* **Task**
Copy each line from the entries that the word "Full" appears in.

* **Task input**

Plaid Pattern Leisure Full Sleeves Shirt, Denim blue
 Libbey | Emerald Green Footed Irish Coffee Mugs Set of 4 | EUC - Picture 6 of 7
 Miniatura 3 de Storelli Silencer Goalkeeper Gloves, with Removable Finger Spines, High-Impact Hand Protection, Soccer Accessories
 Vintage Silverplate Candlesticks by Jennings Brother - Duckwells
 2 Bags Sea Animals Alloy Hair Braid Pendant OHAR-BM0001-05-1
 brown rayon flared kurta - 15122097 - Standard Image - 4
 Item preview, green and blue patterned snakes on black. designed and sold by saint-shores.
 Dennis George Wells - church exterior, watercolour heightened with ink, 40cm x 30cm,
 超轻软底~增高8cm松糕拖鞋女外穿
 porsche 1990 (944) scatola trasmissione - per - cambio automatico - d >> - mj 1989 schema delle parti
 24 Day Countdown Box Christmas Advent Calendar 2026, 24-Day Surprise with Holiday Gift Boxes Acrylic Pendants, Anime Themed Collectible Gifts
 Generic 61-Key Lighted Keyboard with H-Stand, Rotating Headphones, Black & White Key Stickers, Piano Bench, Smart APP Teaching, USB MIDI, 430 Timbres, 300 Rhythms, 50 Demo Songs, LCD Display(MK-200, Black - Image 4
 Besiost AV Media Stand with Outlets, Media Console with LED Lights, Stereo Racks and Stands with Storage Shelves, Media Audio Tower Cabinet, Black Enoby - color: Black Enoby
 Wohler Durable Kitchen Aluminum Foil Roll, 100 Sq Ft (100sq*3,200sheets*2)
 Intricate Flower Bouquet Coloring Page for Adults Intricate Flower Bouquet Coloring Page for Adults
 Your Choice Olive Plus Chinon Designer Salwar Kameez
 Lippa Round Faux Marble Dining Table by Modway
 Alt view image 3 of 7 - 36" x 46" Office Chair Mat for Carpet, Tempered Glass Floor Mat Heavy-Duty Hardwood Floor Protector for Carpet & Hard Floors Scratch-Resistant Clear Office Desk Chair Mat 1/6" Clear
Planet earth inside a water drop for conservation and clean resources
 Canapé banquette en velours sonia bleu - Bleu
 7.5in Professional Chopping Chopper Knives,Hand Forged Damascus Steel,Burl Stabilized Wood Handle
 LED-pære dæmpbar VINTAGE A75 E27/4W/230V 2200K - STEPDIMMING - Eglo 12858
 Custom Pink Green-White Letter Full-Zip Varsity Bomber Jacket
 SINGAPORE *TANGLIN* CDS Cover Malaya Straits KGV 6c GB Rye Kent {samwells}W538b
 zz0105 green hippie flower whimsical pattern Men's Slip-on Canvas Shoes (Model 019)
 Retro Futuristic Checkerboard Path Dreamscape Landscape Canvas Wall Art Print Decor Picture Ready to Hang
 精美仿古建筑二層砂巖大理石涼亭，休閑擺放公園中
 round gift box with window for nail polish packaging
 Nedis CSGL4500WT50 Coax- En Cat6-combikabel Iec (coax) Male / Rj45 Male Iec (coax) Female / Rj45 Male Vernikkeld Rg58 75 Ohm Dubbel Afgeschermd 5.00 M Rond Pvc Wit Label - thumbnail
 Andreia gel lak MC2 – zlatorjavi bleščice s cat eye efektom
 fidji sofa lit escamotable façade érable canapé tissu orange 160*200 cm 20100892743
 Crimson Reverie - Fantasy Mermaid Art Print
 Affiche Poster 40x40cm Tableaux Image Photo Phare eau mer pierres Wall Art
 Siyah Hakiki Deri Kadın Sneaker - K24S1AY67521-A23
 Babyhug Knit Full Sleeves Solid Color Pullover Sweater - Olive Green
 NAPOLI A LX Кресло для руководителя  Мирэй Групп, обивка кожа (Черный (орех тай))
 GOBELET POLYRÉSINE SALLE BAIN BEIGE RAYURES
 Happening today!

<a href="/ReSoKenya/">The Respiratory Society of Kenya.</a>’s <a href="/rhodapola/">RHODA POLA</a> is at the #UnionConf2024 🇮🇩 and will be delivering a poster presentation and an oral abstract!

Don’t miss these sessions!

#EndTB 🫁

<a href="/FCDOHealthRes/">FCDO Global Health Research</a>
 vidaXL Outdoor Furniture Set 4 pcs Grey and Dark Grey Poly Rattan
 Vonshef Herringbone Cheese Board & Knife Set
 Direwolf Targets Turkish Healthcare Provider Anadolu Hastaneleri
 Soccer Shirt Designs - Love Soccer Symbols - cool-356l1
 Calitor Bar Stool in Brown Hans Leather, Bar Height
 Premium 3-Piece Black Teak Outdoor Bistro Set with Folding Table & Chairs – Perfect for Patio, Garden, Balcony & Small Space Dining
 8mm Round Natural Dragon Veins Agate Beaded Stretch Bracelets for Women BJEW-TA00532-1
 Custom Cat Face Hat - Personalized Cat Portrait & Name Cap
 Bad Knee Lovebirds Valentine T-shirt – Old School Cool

* **Answer space**
Plaid Pattern Leisure Full Sleeves Shirt, Denim blue
 Custom Pink Green-White Letter Full-Zip Varsity Bomber Jacket
 Babyhug Knit Full Sleeves Solid Color Pullover Sweater - Olive Green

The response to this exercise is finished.